Houses. Toilets. Schools. These are basic human rights to which Canadians feel entitled – and which many vulnerable and disenfranchised Indigenous peoples do not have.
Houses, toilets, schools could also be a translation for the much longer title “United Nations Declaration on the Rights of Indigenous Peoples” or UNDRIP. Indigenous leader Leah Gazan says UNDRIP is really just the floor for human rights. The activist, policy analyst, and educator at the University of Winnipeg says UNDRIP outlines “the minimum human rights to be healthy.”
After years of objector status to UNDRIP, the Canadian government accepted the Declaration in the spring of 2016 to a standing ovation when Indigenous Affairs Minister Carolyn Bennett made the announcement at the UN.
But words are one thing; implementation is another. Currently in play is the proposed Bill C-262, an act that would ensure that the laws of Canada are in harmony with UNDRIP.
To keep the church focused on this justice issue, Steve Heinrichs, student intern Erin Froese, and a small circle of diverse Indigenous and settler volunteers are organizing a Pilgrimage for Indigenous Rights. The 600 km walk from Kitchener to Ottawa is an attempt to “…engage churches in a series of conversations about UNDRIP, explore why it matters, the hope it offers, and how we can live into it” says Heinrichs, Director of Indigenous Relations for MC Canada. Indigenous Peoples Solidarity of Christian Peacemaker Teams is co-planning the event.
Erin Froese, 21, is a third year environmental studies student at Canadian Mennonite University. She is helping organize the pilgrimage as part of an independent studies project. The work has special meaning for her: Ike Froese, her late grandfather, was a predecessor to Heinrichs in his work with Indigenous peoples.
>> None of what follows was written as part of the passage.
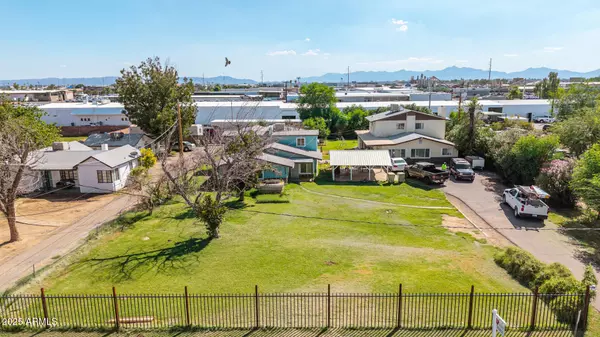 5239 W MARYLAND Avenue, Glendale, AZ 85301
Erin, who spent recent summers as staff at Camps with Meaning was surprised to learn that one of its sites, Camp Koinonia, is situated on crown land that is sacred to the Dakota peoples.
Sue Klassen, 56, is already in training for the April 23 – May 14 journey. She appreciates the sacred nature of the term “pilgrimage.” The former math and computer science teacher now does trauma and resilience training. At the end of a three-day long volunteer training a correctional facility, Klassen walked home in sleeting rain for three hours. She says her participation in the pilgrimage is a logical response given her 17 year interest in restorative justice. She is also in spiritual training for the journey. “I don’t want to say, ‘those people back in history did these horrible things’” to Indigenous people, she says, acknowledging the wrongs of residential schools and cultural genocide dating back generations. “Where would I have been at Jesus crucifixion? I don’t know. Would I have been yelling ‘Crucify him? Would I have been calling residential school students savages?”
So far, participants committed to the intentionally ecumenical pilgrimage range in age from 12 to 85. A support vehicle will accompany walkers who need a rest or a water refill. Walkers will spend nights in church basements along the way, and local communities will be invited to attend conversation circles enroute. The journey will conclude with a celebration feast in Ottawa, but not before walkers stop at Parliament Hill to advocate for Bill C-262. Heinrichs is hoping for 30-50 core walkers committed to the 600 km distance. Casual walkers can join any leg of the trip and must supply their own food and drink. Those joining for more than one day need to register so that accommodations can be planned and prepared. All participants are responsible for traveling to and from the start and end points. “It’s a commitment, for sure,” says Heinrichs, “but I’m confident it will make a tremendous impact.”
Leah Gazan will join the walk for the entire duration. Her commitment required serious juggling of her schedule and the cancellation of a previously planned speaking event. “We are living in a time where there is a lot of hope – but it can also go the other way,” she says. Quoting Chief Justice Murray Sinclair, she says she’s joining the pilgrimage because, “This is not about us and them. This is about how we are going to work together to rediscover a better future together.”